The following is my notes on several alternative data storage solutions we have considered and not used thus far.
-
Online Linguistic Database
- DAILP started out with the OLD, but we grew out of its limitations
- Oriented toward fieldwork, storing forms as an unstructured SQL table, leaving out tools necessary for dealing with structured historical texts and associated multimedia
- We don't get much out of Dative, a web GUI for managing OLD data, because it doesn't facilitate community collaboration.
- We do take inspiration from some of the internal structure of forms in OLD, since they are well thought out by a field linguist, but shift the focus to dealing with texts and connecting lexical sources together.
- Relies on a SQL database, carrying any benefits or caveats that may entail.
-
ArangoDB: I have considered switching to ArangoDB because
- It is multi-model, natively supporting both nested document structures like MongoDB does, and graph relations, unique to this type of database. This could make modeling community contributions, collaboration, and word relationships easier than with MongoDB or Postgresql.
- ArangoDB does have less userbase, but it is very straightforward to learn once you understand MongoDB and are comfortable with JSON.
- It uses its own query language, AQL, which is pretty similar to SQL but using JSON, branching constructs familiar from JavaScript, and native graph traversal queries. This is more powerful than MongoDB's queries and aggregations, but may have slightly more learning curve.
- Schemas are supported, using standard JSON schema.
- Compared to MongoDB, it has a more solid open source commitment.
- Tooling: Rust ODM for ArangoDB. NixOS service example
-
PostgreSQL: The most popular open-source database, built on SQL.
- It is relational, which also means that it favors a flat structure with many tables that refer to each-other. Nested structures, especially of arbitrary depth, are more difficult to model in this system.
- JSON fields are supported, but they are second-class and require special handling to query and update.

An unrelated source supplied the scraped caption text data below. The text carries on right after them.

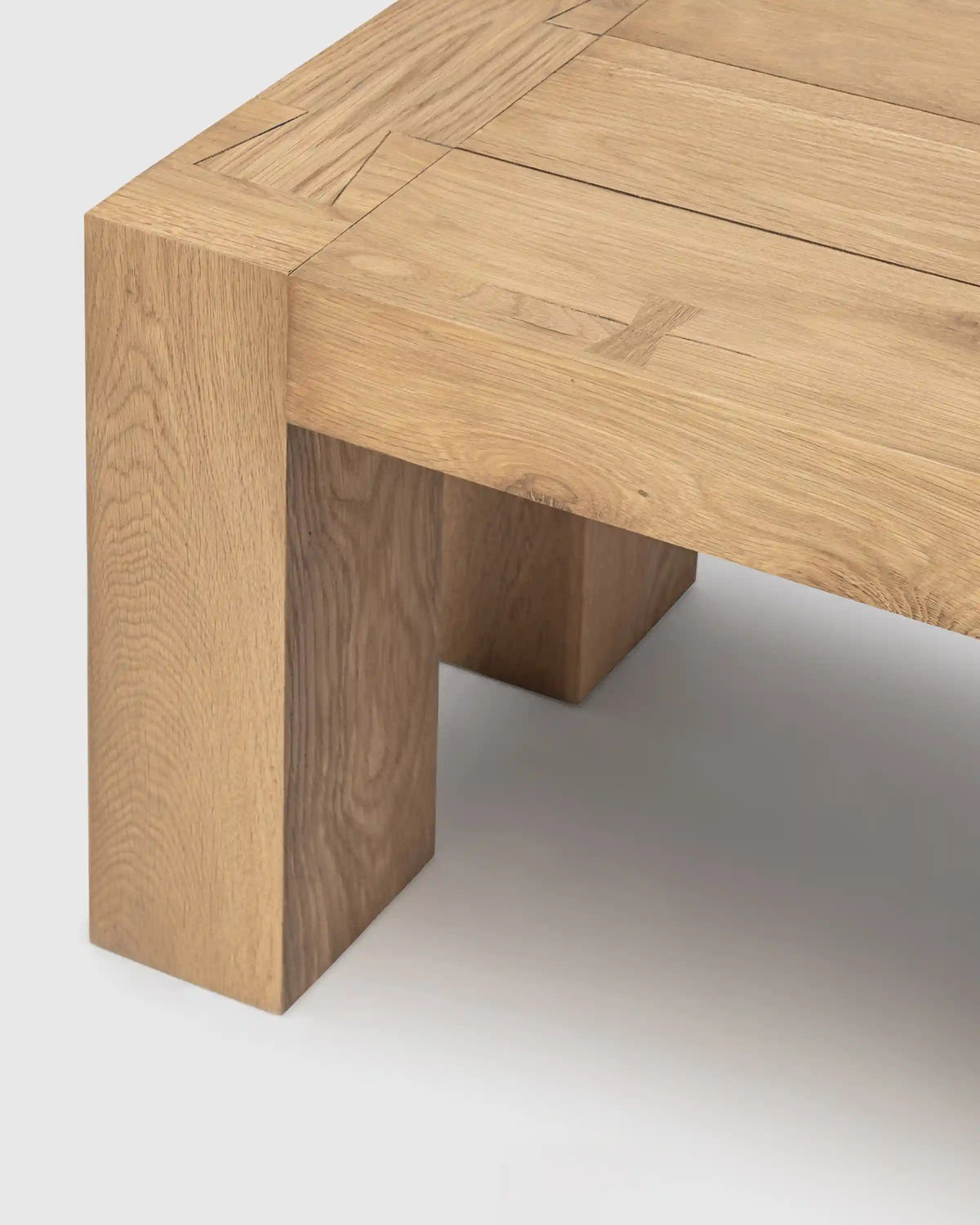 Reclaimed Oak Parsons Dining Bench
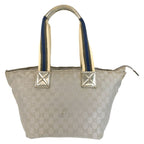 Gucci Sherry Line Silver GG Canvas Tote Bag — view 4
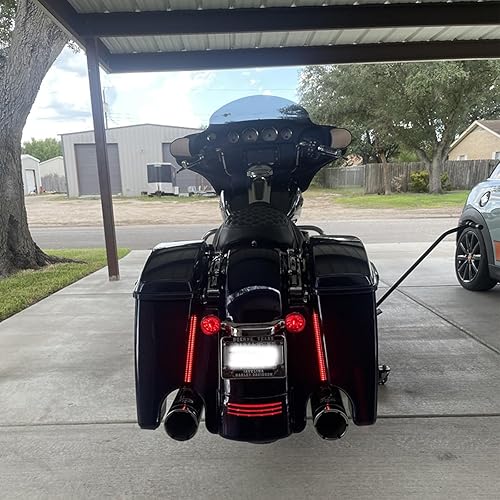 Miniatura 7 de Advanblack PHANTOM - Luces LED de llenado, luz trasera para guardabarros traseros para Harley Touring FLH 2014+ - Correr/Freno secuencial señal de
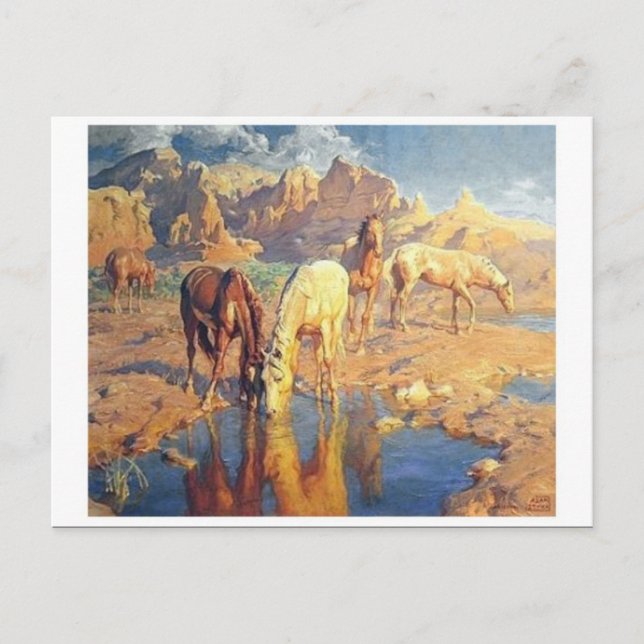 Tarjeta postal clásica de pintura (Anverso)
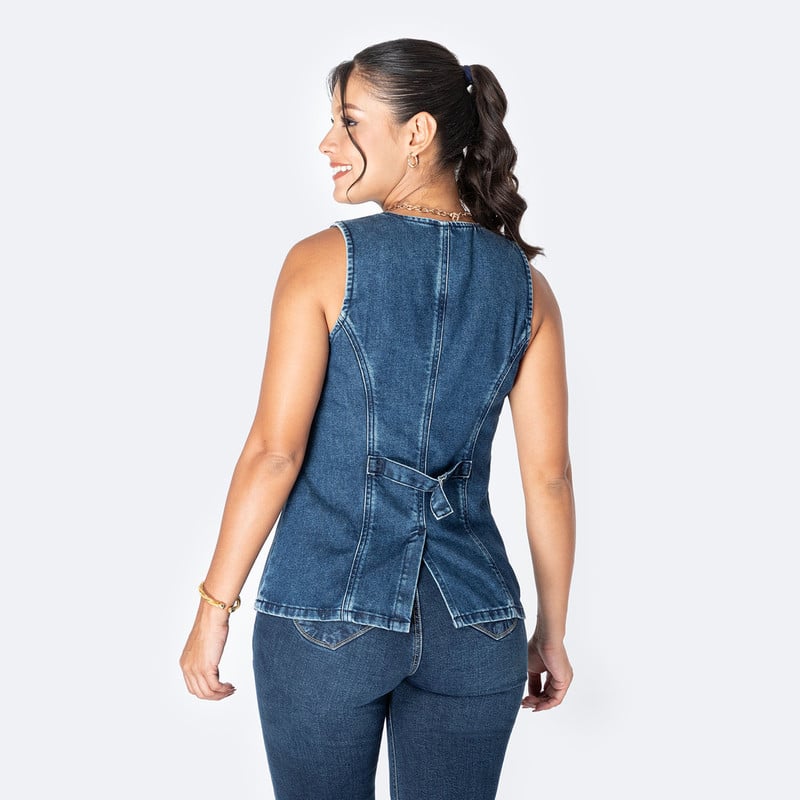 CHALECO VERDANI DENIM MUJER - 3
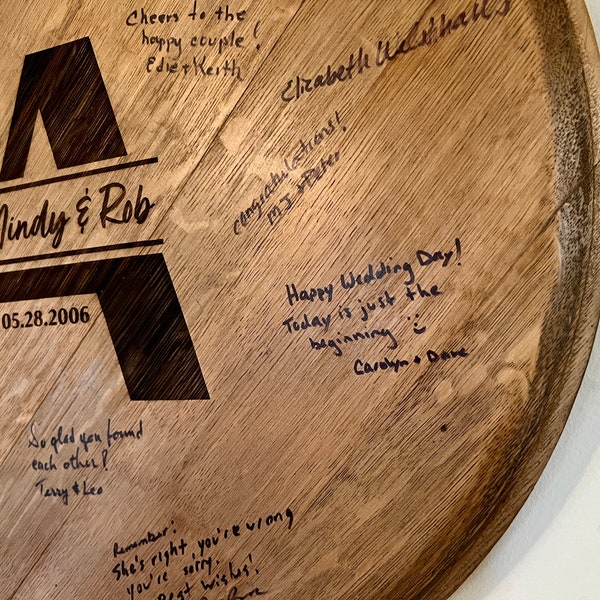 Wine Barrel Guest Book Etsy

- Schema management is required, and table fields have stricter requirements than in MongoDB. Since we're routing all DB management through Rust, we can rely on that code to enforce type safety and consistency, especially since that's where data migrations will run from anyway.
- NoSQL makes minor type changes like field additions and removals fairly trivial by obviating the need for an explicit migration, whereas PostgreSQL would need explicit migration for any/all data model changes.
- Tooling: ORM for Rust
-
BaseX: XML database engine and associated tooling.
- This choice would only make sense if we are using XML across the stack, because it otherwise doesn't fit well into other DB models.
- One queries a BaseX instance using XQuery, which is great if you're already using XQuery for manipulating XML documents.
- Validates everything with XML schemas, which again is fantastic if that's already part of your stack. Starting a new project that will need to deal with various kinds of user data, it made more sense to go with a more established database platform that has better library support from modern programmatic tooling, like Rust, GraphQL, and JavaScript.